Aktualisiert: Mai 2026 | Fachbereich: Architekten-Honorar · Fachplanung · LBK-Verfahren | Region: München & Umland | Datenbasis: HOAI 2021, DIN 276, Münchner Lokalbaukommission, eigene Architekten-Vergleiche
Zeigt für Ihre Bauwerkskosten die voraussichtlichen Baunebenkosten, aufgeschlüsselt nach DIN-276-Kostengruppen 100, 200, 500 und 700 – mit Münchner Werten.
Indikation auf Basis HOAI 2021, eigene Münchner Architekten- und LBK-Vergleiche.
📐 Baunebenkosten in München 2026
Münchner Baunebenkosten liegen bei 15–20 % der Bauwerkskosten – höher als der Bundesdurchschnitt (12–15 %). Wer sie pauschal mit „10 %" kalkuliert, unterschätzt das Budget um 30.000–80.000 € pro EFH und entsprechend mehr bei MFH-Projekten. Die HOAI-, LBK- und Vermessungs-Logik strukturiert kennen ist Pflicht für jeden Bauherrn.
Baunebenkosten München 2026 – die Kurzfassung: 15–20 % der Bauwerkskosten als Faustregel. Bei 600.000 € Bauwerkskosten typisch 100.000–125.000 € Baunebenkosten. Größte Posten: Architekt nach HOAI 8–12 % der Bauwerkskosten, Statik 2–3 %, Außenanlagen 3–7 %. Hinzu kommen LBK-Gebühren (0,3–0,5 % der Bauwerkskosten), Vermessung (2.000–5.000 €), Baugrund-Gutachten (1.500–4.500 €) und Versicherungen (0,3–0,5 %). Bei komplexen Projekten (Erhaltungssatzung, Grundwasser) bis 22 % möglich.
Die Pillar Page Baukosten München nennt Baunebenkosten als zweite Kostenschicht.
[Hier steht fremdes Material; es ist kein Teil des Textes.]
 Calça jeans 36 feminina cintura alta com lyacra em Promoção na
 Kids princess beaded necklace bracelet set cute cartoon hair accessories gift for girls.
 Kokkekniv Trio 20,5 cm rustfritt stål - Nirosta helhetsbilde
Diese Seite vertieft die einzelnen Positionen: HOAI-Architekten-Honorar nach Leistungsphasen, Statik und Fachplaner-Honorare, LBK-Gebühren konkret, Münchner Baugrund-Besonderheiten (Schotterebene, Grundwasser), Versicherungen, und wo Baunebenkosten in der Praxis verdeckt sind.
Das Architektenhonorar nach Honorarordnung für Architekten und Ingenieure (HOAI 2021) ist der größte Einzelposten der Baunebenkosten und beträgt bei vollem Leistungsumfang typisch 8–12 % der Bauwerkskosten. Die HOAI unterscheidet neun Leistungsphasen, jede mit eigenem Honoraranteil. Welche Phasen ein Bauherr braucht, hängt vom gewählten Bauträger- oder Architekten-Modell ab.
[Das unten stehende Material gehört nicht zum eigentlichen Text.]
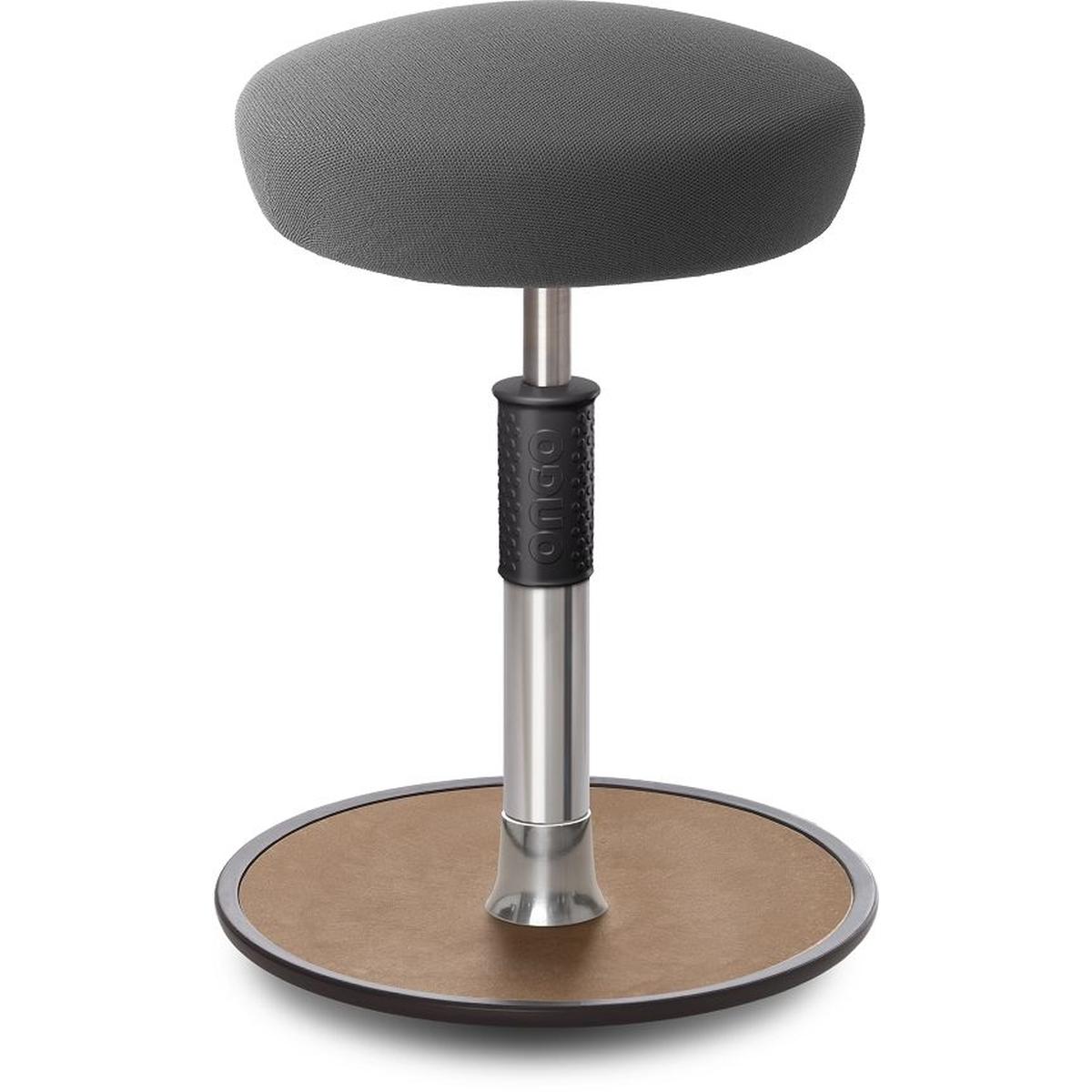 Ongo, Bürostuhl, Sitz- Stehhocker Free Regular Hutsitz Gestrick Grau chrom /Natur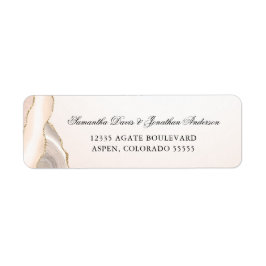 Roze en Gouden Agaten Script Retouradres Etiket
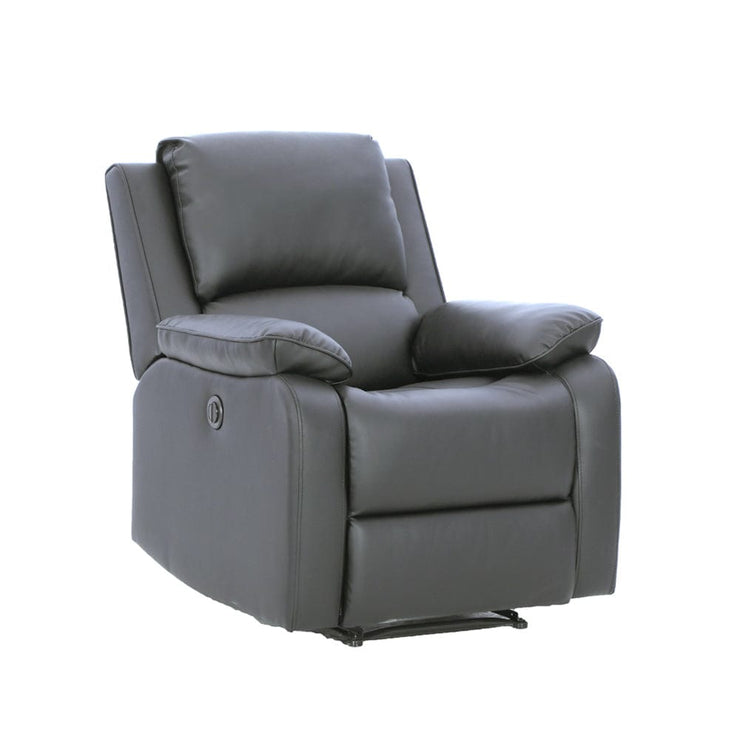 Palermo Grey Leather Electric Recliner Armchair Single Sofa Lounge Chair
Leistungsphasen 1–4 (Grundlagenermittlung, Vorplanung, Entwurf, Genehmigungsplanung) decken rund 27 % des Honorars ab. Sie sind bei jedem Bauvorhaben notwendig – auch beim Bauträger-Modell, wo der Bauträger oder ein extern beauftragter Architekt diese Leistung erbringt.
Leistungsphasen 5–7 (Ausführungsplanung, Vorbereitung Vergabe, Vergabe) decken weitere 35 % und werden bei Bauträger-Projekten typisch vom Bauträger intern erbracht und in den m²-Preis eingerechnet. Leistungsphasen 8–9 (Objektüberwachung, Dokumentation) decken die restlichen 38 % und sind für die Bau-Qualitätskontrolle entscheidend.
Bei einem EFH mit 600.000 € Bauwerkskosten ergeben sich rund 54.000 € Architektenhonorar bei voller HOAI-Beauftragung (9 % Mittelwert). Bei Bauträger-Modellen werden meist nur die Bauantrags-/Genehmigungs-Leistungen extern bezahlt (LPH 1–4, ca. 18.000 € Eigenkostenanteil), der Rest steckt im Bauträger-m²-Preis.
Neben dem Architekten sind drei Fachplaner-Disziplinen für nahezu jedes Münchner Bauvorhaben relevant. Ihre Honorare addieren sich auf 2,5–4 % der Bauwerkskosten.
Berechnet die Tragwerke (Bodenplatte, Wände, Decken, Dach). Pflicht bei jedem Bauantrag. Honorar nach HOAI Anlage 14, typisch 1,5–3 % der Bauwerkskosten. Bei MFH und komplexen Grundrissen am oberen Ende. Beim EFH 8.000–18.000 €.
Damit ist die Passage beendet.